After thirty years of service as a grammar school, Portsmouth closed the Cabot Street School in 1890; however, it was reopened in 1895 to accommodate the growing number of students. The last wooden schoolhouse in Portsmouth was permanently closed in 1931, when the building became too expensive to maintain. All of its students were moved to the Whipple School, and the old Cabot Street School was sold in 1933 for $1,000.



The vintage photograph above is from C. S. Gurney's 1902 book, Portsmouth . . . Historic and PicturesqueThe building now serves as private condo units.

Friday, April 5, 2013

Old Brick Schoolhouse


The Old Brick Schoolhouse once stood on the south side of State Street, on the ledge shelf between Temple Israel and the Rectory of St. John’s Church.

Bridget Graffort, the widow of Thomas Daniel, gave Portsmouth a plot of land on the corner of Daniel and Chapel Streets for the purpose of establishing a schoolhouse. In 1735, the town swapped her unused lot for this empty lot on State Street, which at the time was owned by Ebenezer Wentworth. It was here that Portsmouth built the schoolhouse they had promised Mrs. Graffort. Behind the school, a playground extended back to Court Street, and for years, this location was known as School House Hill.

Major Samuel Hale was the most famous instructor who taught here. Originally from Newbury, Massachusetts, he graduated from Harvard in 1740, and five years later commanded a company of soldiers during the Siege of Louisbourg (Nova Scotia), a successful British campaign against the French. The bell that still rings in the tower of St. John’s Church was captured when the siege ended.
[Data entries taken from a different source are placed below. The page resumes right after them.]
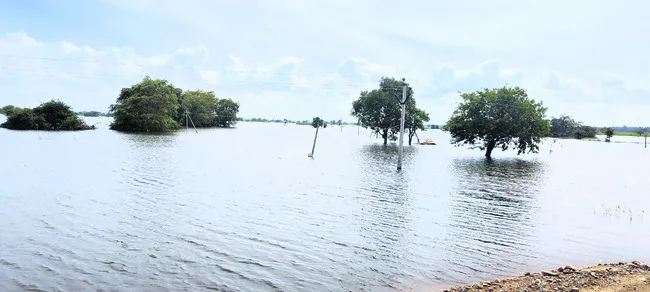 నీట మునిగిన ఆశలు!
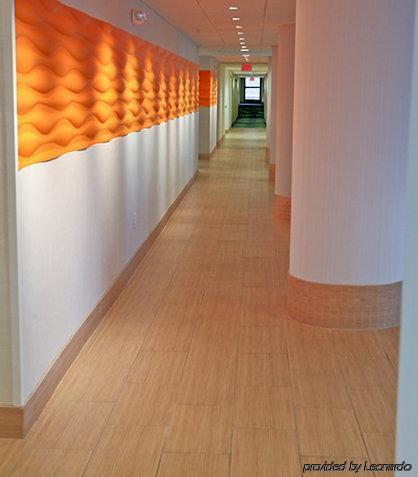 Hotel Springhill By Marriott 3*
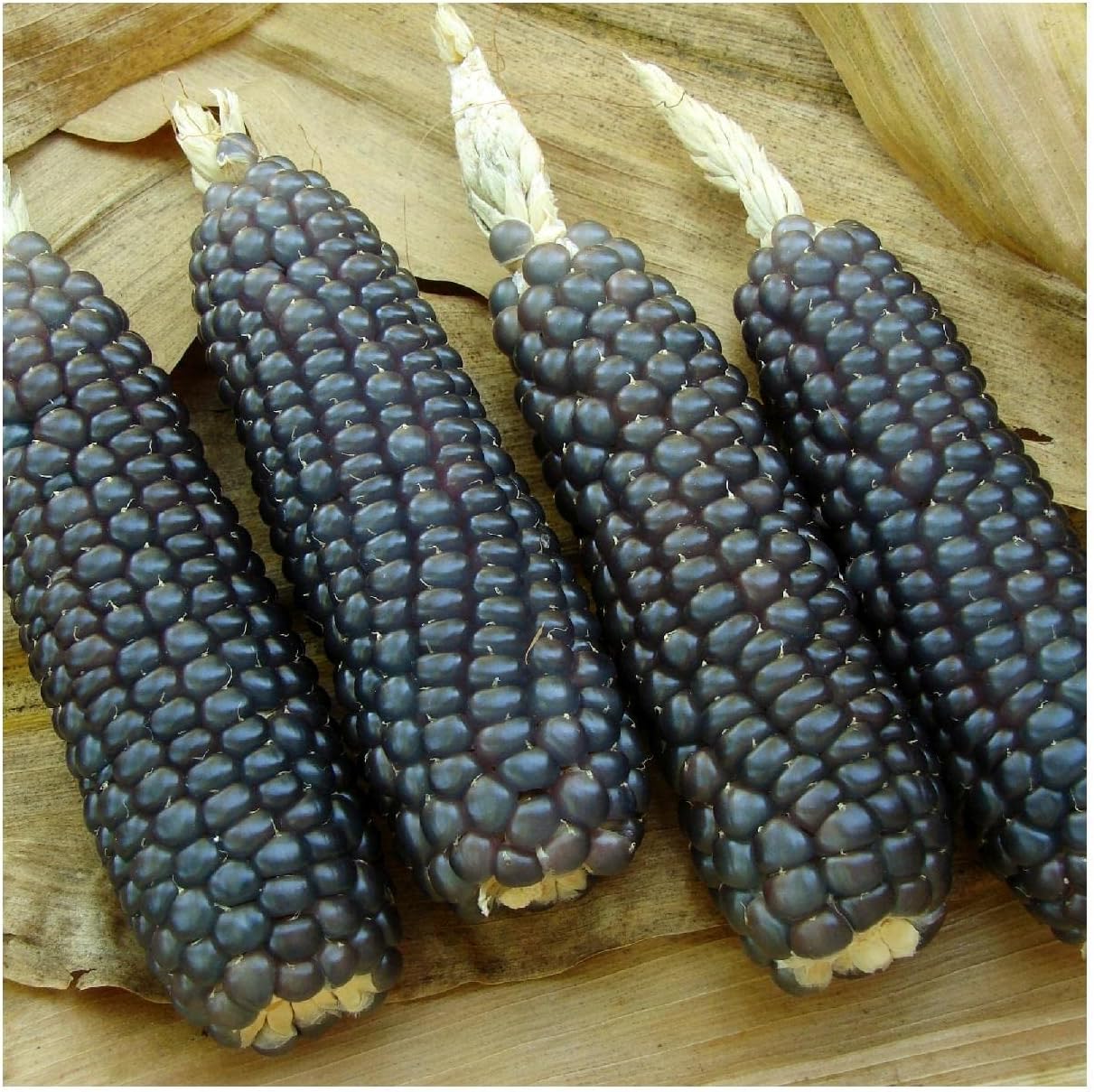 Everwilde Farms - 1 Lb Hopi Blue Improved Ornamental Corn Seeds - Gold Vault
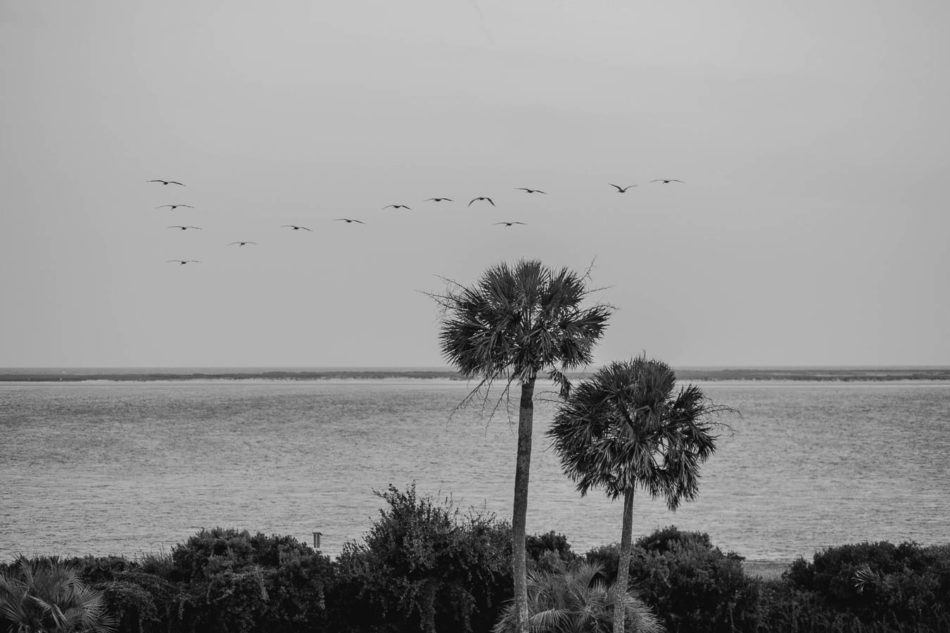 Birds fly over ocean, Seabrook Island Club, Charleston, South Carolina. www.katetimbers.com
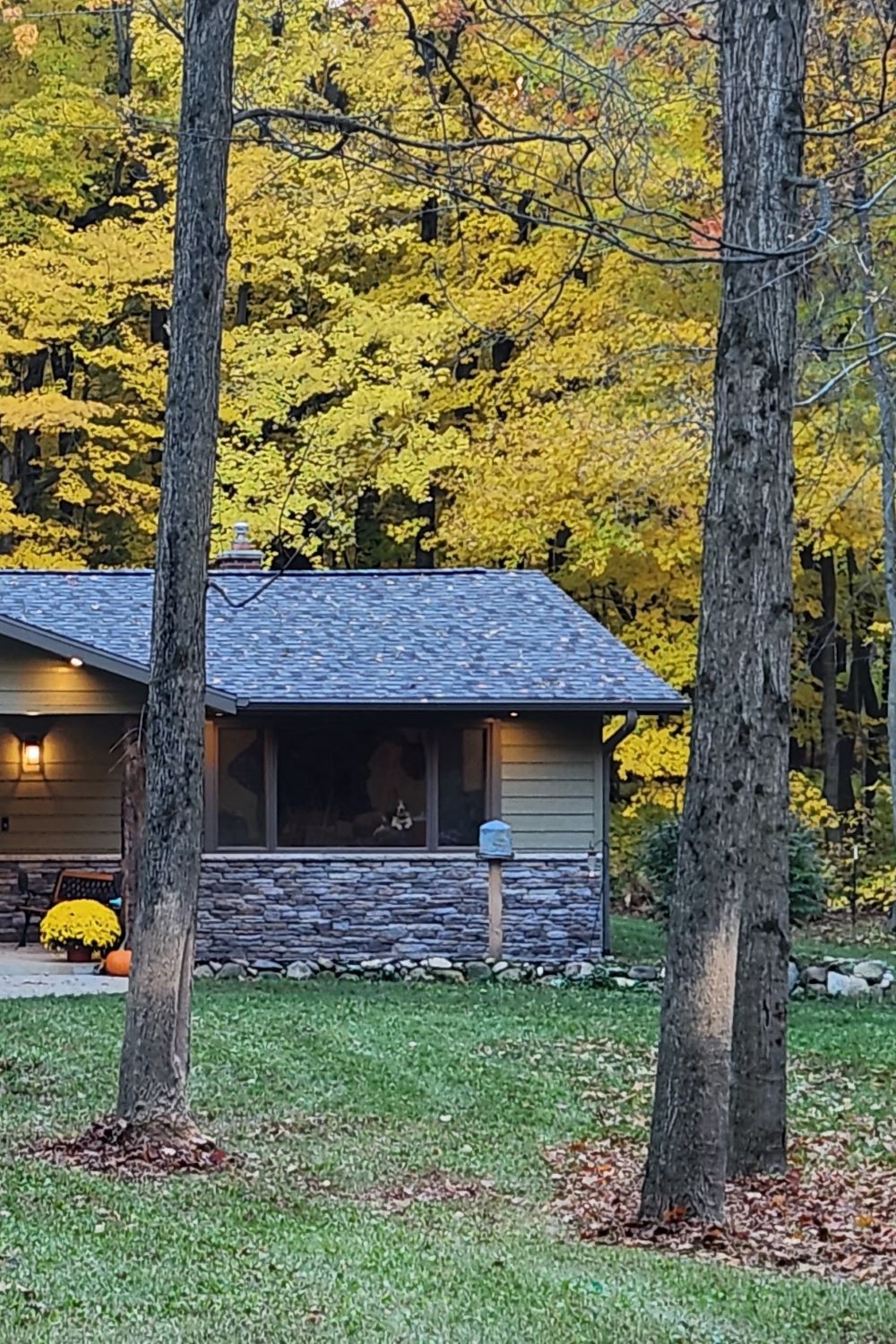 Black Bear Mountain Stone - Stone Veneer - Ledge Stone Mountain Mist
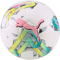 10er Ballpaket PUMA Orbita 5 Hybrid Trainingsball puma white/multi colour 3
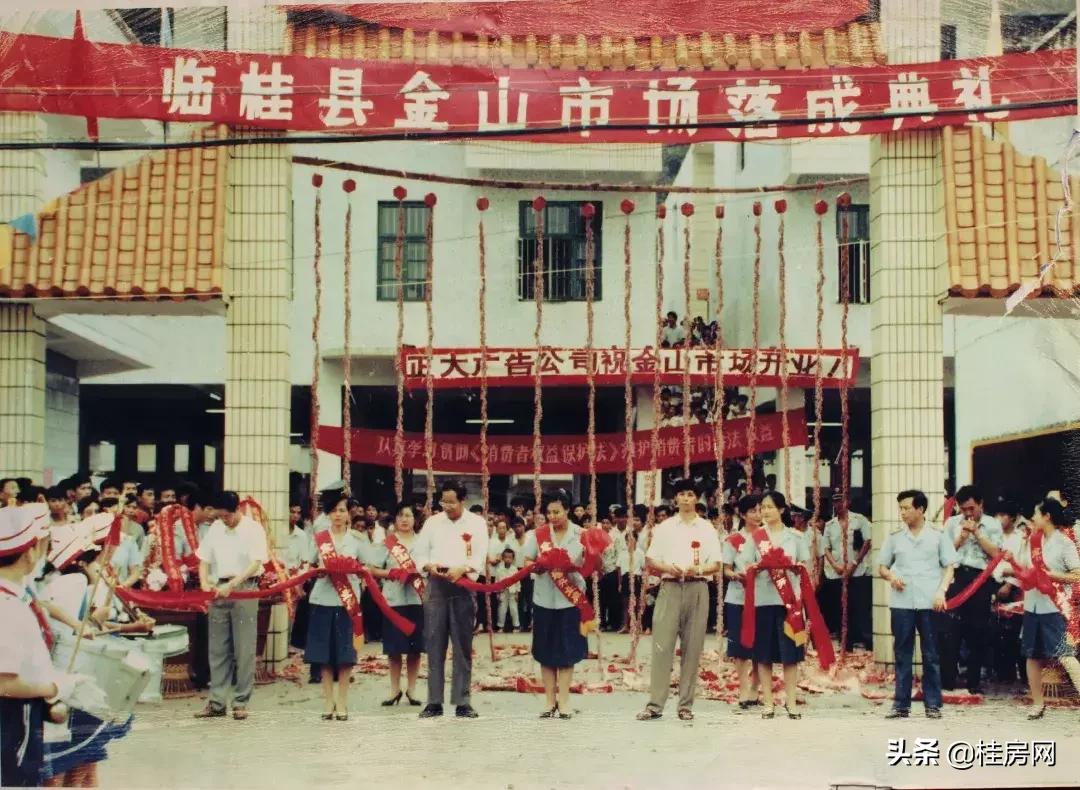 临桂最新新闻,高科技产品革新生活体验,引领未来趋势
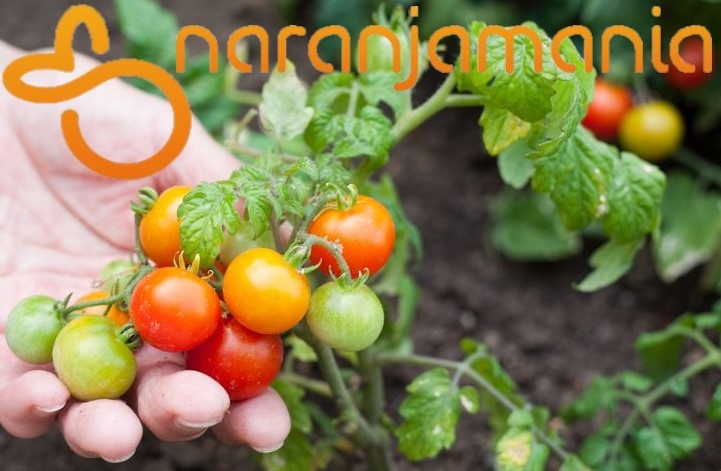 Tomate Cherry 0,5kg ✔-955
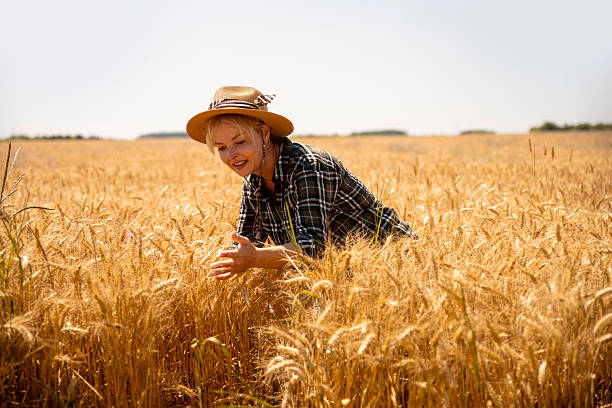 istock Farm woman in wheat field 2223573444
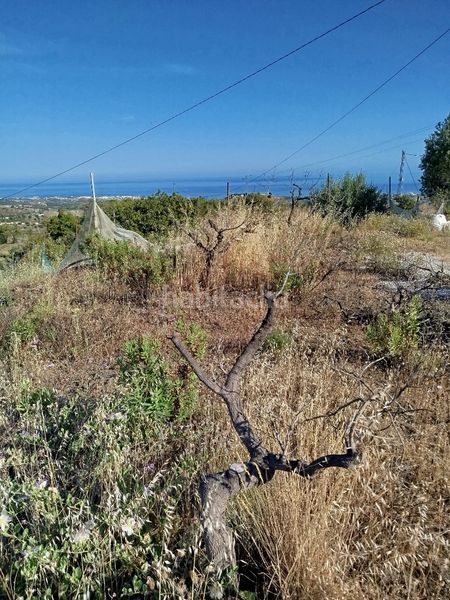 Foto 093670e1-3753-48e9-af49-96814e08e5a0. Finca rústica a Camino Viejo de Málaga Vélez - Málaga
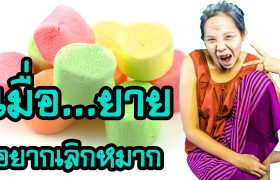 เมื่อยาย … อยากเลิกหมาก ! (ด้วยมาชเมลโล่ สูตร M&M แสนอร่อย) กับพี่เฟิร์น 108Life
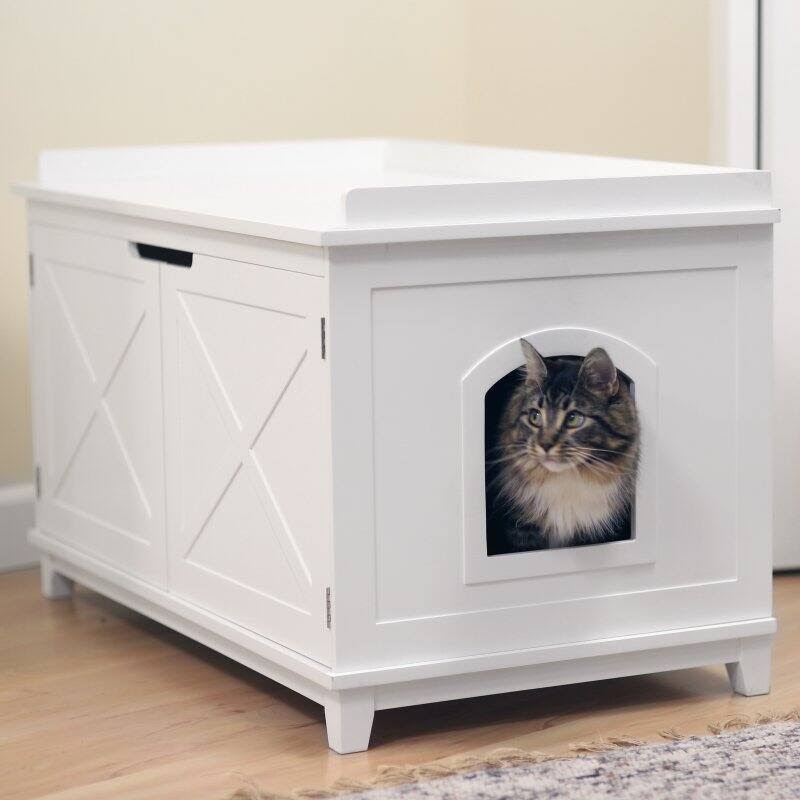 Cat Washroom Box N25323
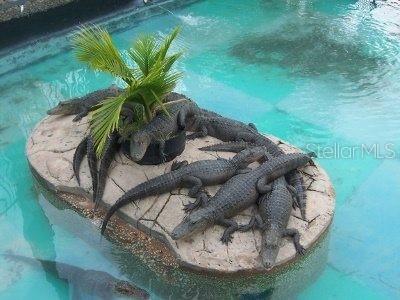 Several alligators rest on a stone island in the middle of a swimming pool — 4708 W IRLO BRONSON MEMORIAL HIGHWAY, KISSIMMEE, FL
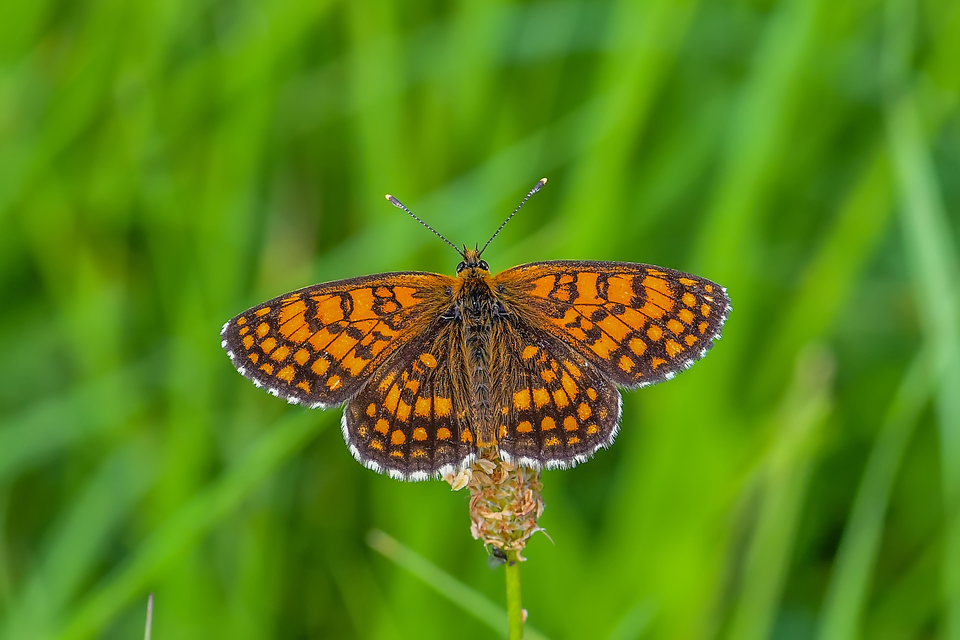 Melitaea athalia - közönséges tarkalepke
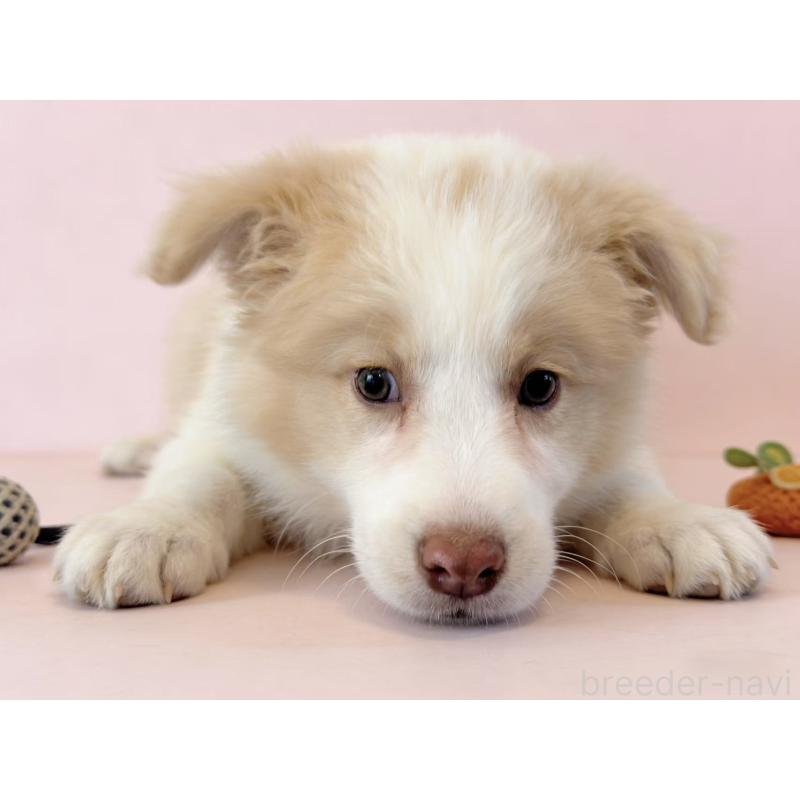 販売中の茨城県のボーダーコリー-444024の4枚目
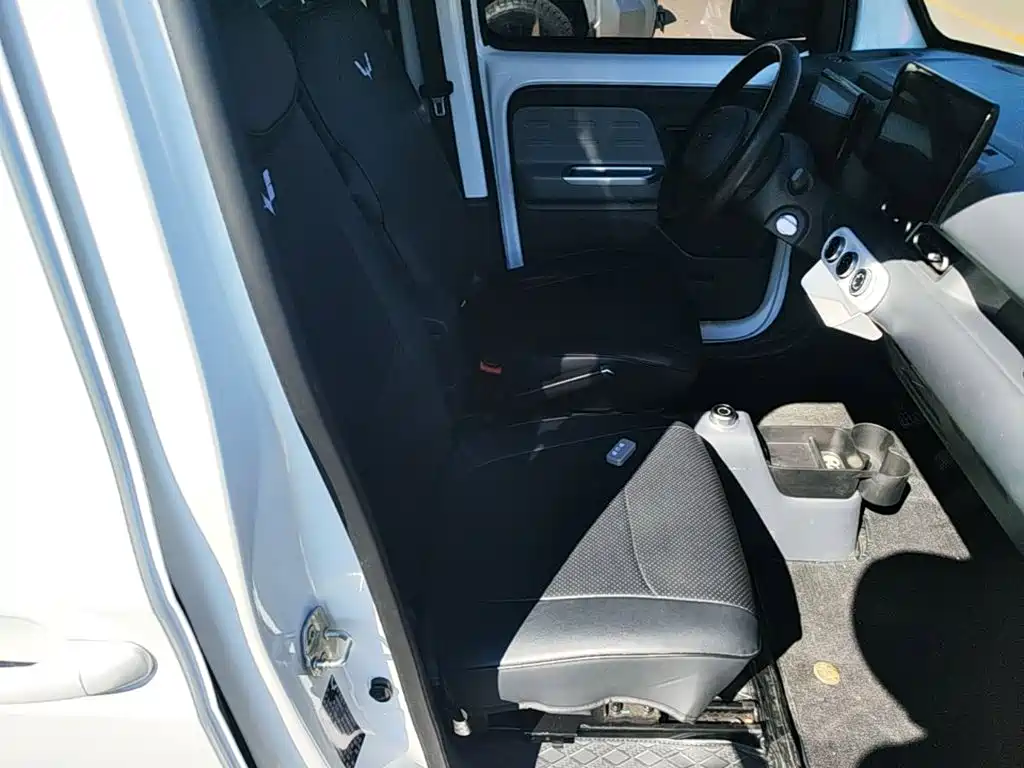 Wuling Motors Wuling Zhiguang NEV 2026 2025 Model 305km Base Version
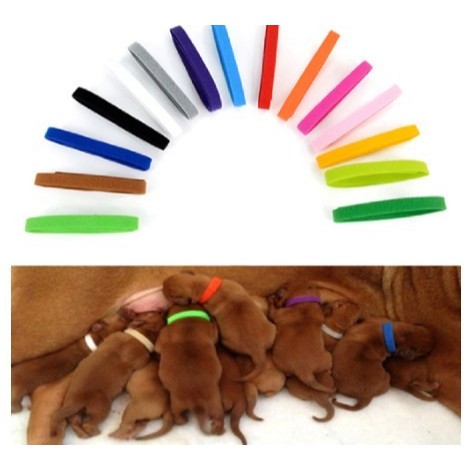 KALUNG BAYI IDENTITAS PENGENAL ANAKAN RAS BESAR KECIL ANAK BABY KUCING ANJING KITTEN PUPPY ID ANABUL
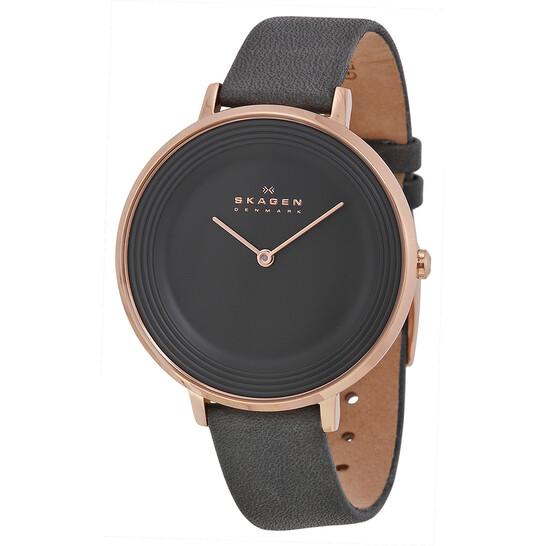 Skagen Ditte Grey Dial Grey Leather Ladies Watch SKW2216  display picture 3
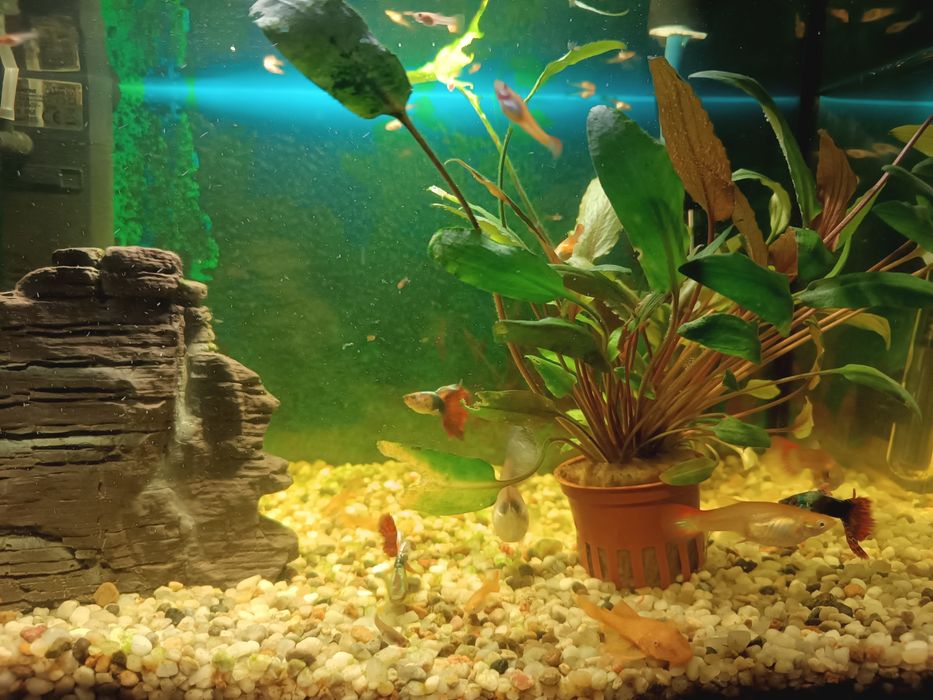 Gupiki akwariowe Red Mosaic Tail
After his military service, Major Hale taught the sons of Portsmouth residents for almost forty years, starting in 1748. Among his pupils were John Pierce, Daniel Treadwell, Woodbury Langdon and his brother, Governor John Langdon.

Another famous educator who taught here, in 1787, was the father of Salmon P. Chase, Abraham Lincoln’s Secretary of the Treasury. 

The original wooden structure was replaced by a brick schoolhouse in 1790. Twenty-three years later, on December 22, 1813, the Great Portsmouth Fire that ravaged State Street partially destroyed the school. The town rebuilt it in 1814. Afterwards, Portsmouth High School was located here for a number of years, until the Old High School and City Hall building replaced it in 1858.

 
When the vintage photograph above appeared in C. S. Gurney’s 1902 book, Portsmouth . . . Historic and Picturesque, the Old Brick Schoolhouse served as the offices of the Superintendent of Portsmouth Schools. Today, the lot is vacant and serves as a pocket garden for Temple Israel.

Tuesday, April 2, 2013

Brackett House


The Brackett House stood on the north side of State Street, between Fleet and Church Streets.

The house was named for Dr. Joshua Brackett, a Portsmouth physician who resided here during the Revolutionary War years until his death in 1802.

Dr. Brackett graduated from Harvard in 1752 and briefly served as a religious minister. Determined to become a physician, he studied under Portsmouth’s Dr. Clement Jackson, the father of Dr. Hall Jackson. He married Hannah Whipple in 1760. Hannah was a sister of General William Whipple, who signed the Declaration of Independence and lived in the Moffatt-Ladd House. When the Revolution began, he was named Judge of the Maritime Court for New Hampshire.

Thirty years after graduating Harvard, in 1783, Dr. Brackett was elected an honorary member of the Massachusetts Medical Society. In 1791, Harvard bestowed him a Medical Doctorate. That same year, the New Hampshire Medical Society organized and elected him the first Vice President, and he served as their President from 1793 to 1799.

The old photograph above was published in C. S. Gurney's 1902 book, Portsmouth . . . Historic and Picturesque. The Brackett House is the one on the right, just east of the Davenport House. It's grounds once extended from State Street to Congress Street; however, it was demolished sometime after 1902, and the location is now a bank parking lot.